Secretary of State Michael Adams, a Republican who took office this week, said the bill reflects his agenda of strengthening election security and enhancing public confidence in the election process.
The measure, introduced Tuesday on the opening day of this year’s legislative session, drew immediate push back from a civil liberties group arguing it would make it harder for many people to vote, including the disabled, minorities and elderly.
“There is no evidence that in-person voting fraud is a problem in Kentucky,” said Corey Shapiro, legal director for the American Civil Liberties Union of Kentucky.
In a review during last year’s campaign, Adams said Wednesday that he found 22 instances of people going to prison for election fraud in Kentucky between 2006 and 2014, but acknowledged that none of the cases dealt with voter impersonation.
But the lack of a state law requiring photo identification as a condition to vote is a flaw that needs to be fixed, the bill’s supporters said.
“We have a gap here and this is one of the simple steps that we can take immediately to close this gap,” said Republican Sen. Robby Mills of Henderson, the bill’s lead sponsor.
The bill number attached to Mills’ proposal — Senate Bill 2 — is an indication that the measure is a priority of Republican leadership in the GOP-dominated Senate.
Gov.
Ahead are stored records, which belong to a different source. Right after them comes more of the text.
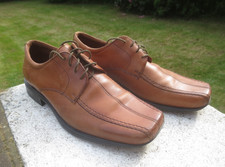 Clarks  Brown Tan Leather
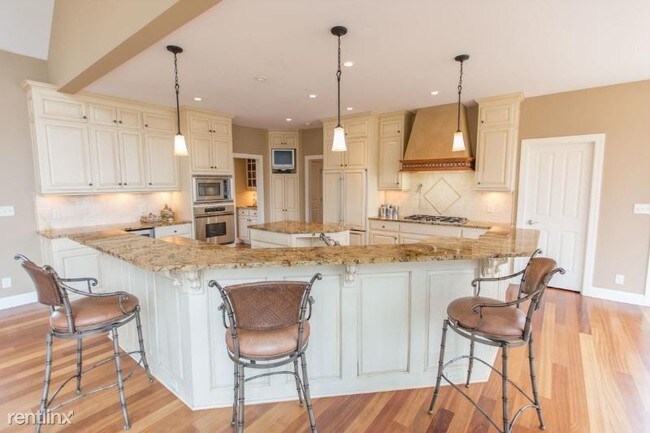 Building Photo - 6 br, 5 bath House - 2000 Carriage Hills Dr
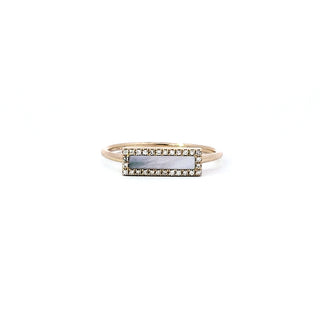 Anillo de oro amarillo de 14 quilates con diamantes y nácar de 0,06 quilates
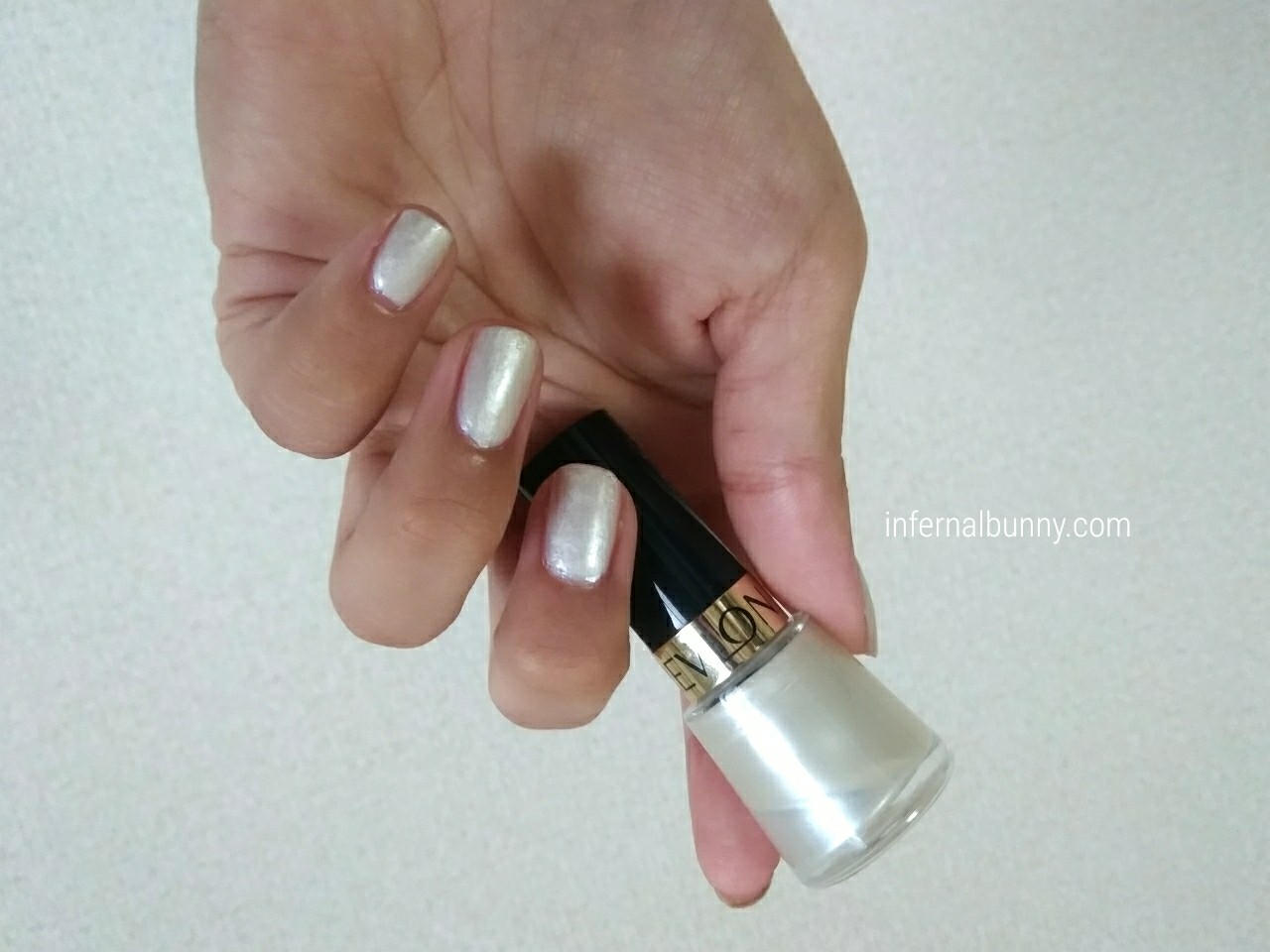 ネイル着画とネイルボトル。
Andy Beshear told reporters he hasn’t had a chance to fully review the measure. The Democratic governor said policymakers should make it easier, not harder, for people to vote.
“I just want to make sure that there aren’t unnecessary roadblocks toward voting,” Beshear said Wednesday.
Republicans hold supermajorities in both the House and Senate, giving them considerable leverage in overriding any potential vetoes by Beshear.
Last month, Beshear signed an executive order to restore voting rights for more than 140,000 nonviolent offenders who have completed their sentences.
The bill’s supporters noted that a photo ID already is required for many other transactions, including opening a bank account, cashing a check or picking up sports tickets at will-call.
Adams praised the bill’s sponsors for “bending over backwards” to make the measure fair and reasonable. The bill would allow adults to obtain a no-fee, standard personal ID card if they don’t have a valid driver’s license, Mills noted. That card could be used by eligible voters.
Shapiro countered that the alternate IDs would be costly for the state to create.
Adams estimated the cost to the state could be in “the low six figures.” Adams, who succeeded a Democrat in the secretary of state’s office, campaigned in support of a photo ID law for voting.
College and military photo IDs also could be used to gain access to the voting booth.
The bill also would allow Kentuckians to vote without a photo ID if they provide an affidavit showing a “reasonable impediment” to getting a photo ID.
Shapiro said the bill was the wrong approach to dealing with Kentucky’s “restrictive” voting policies.
“If the Senate truly cared about improving our democratic processes, they would make it easier to vote by increasing access to the polls by creating vote-by-mail, expanding the hours polls are open,” he said in a statement.
If it becomes law, the measure would take effect in this year’s November election. Adams said he didn’t want to have it pushed into effect for the May primary election.
“I want enough time to put the public on notice of this new requirement,” Adams said.
Laws requiring some type of ID to vote at the polls are in force in 35 states, according to the National Conference of State Legislatures. Seven of those states have strict photo ID laws, it said.